Behavioural targeting gauges Web browsing habits to spot the services and products consumers want to buy. But is the technique putting privacy on trial?
Gavin Potter knows a thing or two about online dating. As a psychologist interested in artificial intelligence, it's Potter's job to teach machines how to match prospective couples more effectively. The more data you collect, he says, the more predictable human behaviour becomes. More than 90 per cent of men seek women who are half their age plus seven, claims Potter. Female daters, on the other hand, tend to click on profiles of men who are on average three years older. "That's up until the age of 40," he adds. "Then they go for toy boys."
To Potter, love is a numbers game. "People think they are unique," he laughs. "They say, 'you can't possibly profile me'. The depressing thing is that you can actually do it pretty accurately." But the numbers don't tell the whole story. The data can reveal which profile a person is interested in, but not why they refuse to click on other people with similar profiles.
To fill in the gaps, Potter taps his knowledge of psychology to teach the database to recognise human idiosyncrasies, such as personality and mood. Men are more active on dating sites, he explains, because in general they are more confident. "They see a profile they like and they click on it." But women need more coercion. They are more likely to respond to a computer-generated recommendation than someone they have found themselves.
A former management consultant for IBM, Potter started IntroAnalytics with Nick Tsinonis, owner of dating website yesnomayB.com. IntroAnalytics is at the sharp end of a growing industry, behavioural targeting: the practice of segmenting Web users to help predict what they might want to do next. For content providers, this means showing more tailored information, including advertising. For retailers, it means presenting goods that a user is more likely to buy. And for an online dating company, it means suggesting profiles that seem somehow more appealing.
There are many different applications of the technique. UK start-up Imagini supplies profiling software known as VisualDNA, which it claims measures customers' emotions, allowing clients, such as travel website Hotels.com and dating company Match.com, to serve personalised information. To detect personality type, users are asked quick-fire questions, which they answer by clicking on images. Founder Alex Willcock says visual profiling can generate a 526 per cent rise in click-through rates over randomly selected ads.
At its most fundamental, behavioural targeting might rely on time of day, weather conditions, or location. More complex methods use software known as recommender engines, which group customers based on their perceived interests. Or in Amazon parlance: "Customers who bought this item also bought..." Thirty per cent of Amazon sales are derived from its collaborative filter algorithm, a type of recommender engine that makes use of transaction history and user ratings to predict demand for other products.

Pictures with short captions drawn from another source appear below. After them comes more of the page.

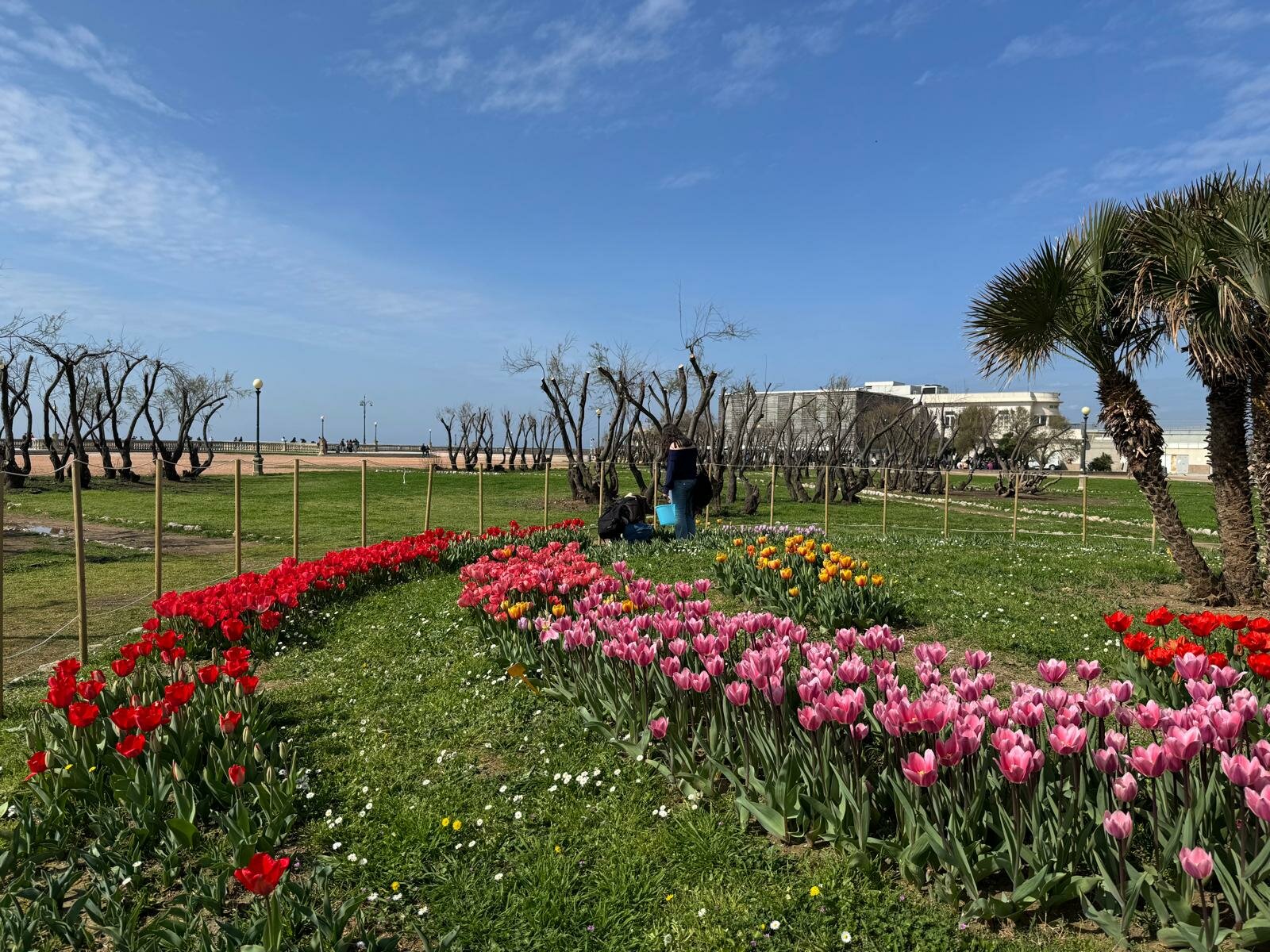 Seconda edizione di Wanderandpick: 50mila tulipani da cogliere alla Terrazza Mascagni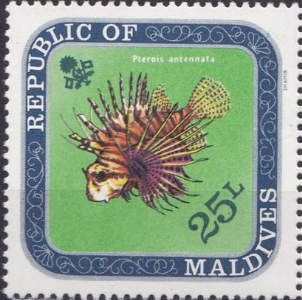 Antennata Lionfish (Pterois antennata)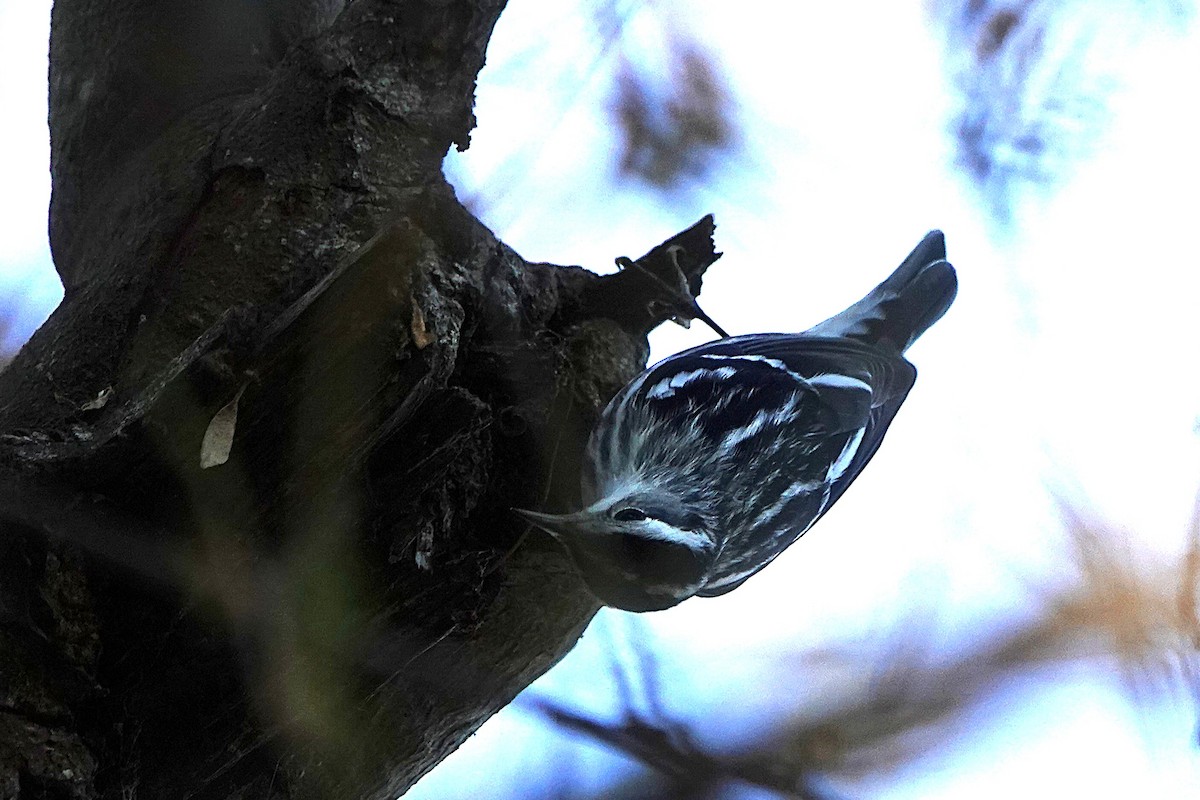 Black-and-white Warbler - ML646426420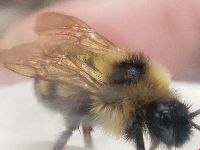 Bombus citrinus image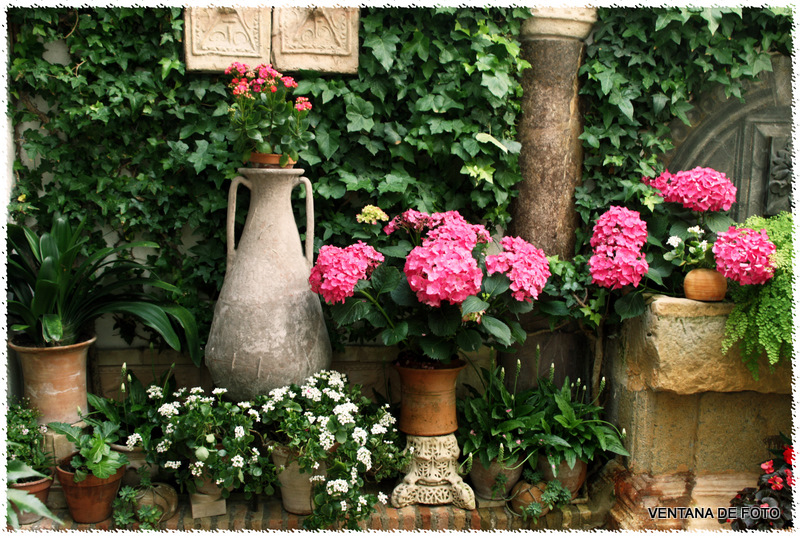 Foto: Patios - Córdoba (Andalucía), España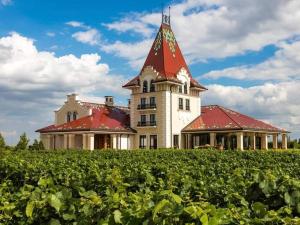 a large house with a tower on top of a vineyard at Charming & Relaxing - Feel like Home in Subotica in Subotica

Recommender engines are particularly useful for companies that specialise in aggregating vast libraries of content. Mendeley is a social network for researchers, allowing students to manage and share research papers online. Its goal is to democratise academic research, recommending papers to users based on usefulness and popularity.
"The good thing about Mendeley is that we can analyse the content of a researcher's library and then come up with relevant additional content for the user, via collaborative filtering, co-citation analysis, or full-text semantic analysis," explains Mendeley co-founder Jan Reichelt.
Advances in computing processing power, which allow data sets to be analysed quickly, and the application of psychological theory to what were previously reams of numbers, have allowed companies such as Amazon to increase the effectiveness of their collaborative filters and therefore be more predictive about user behaviour.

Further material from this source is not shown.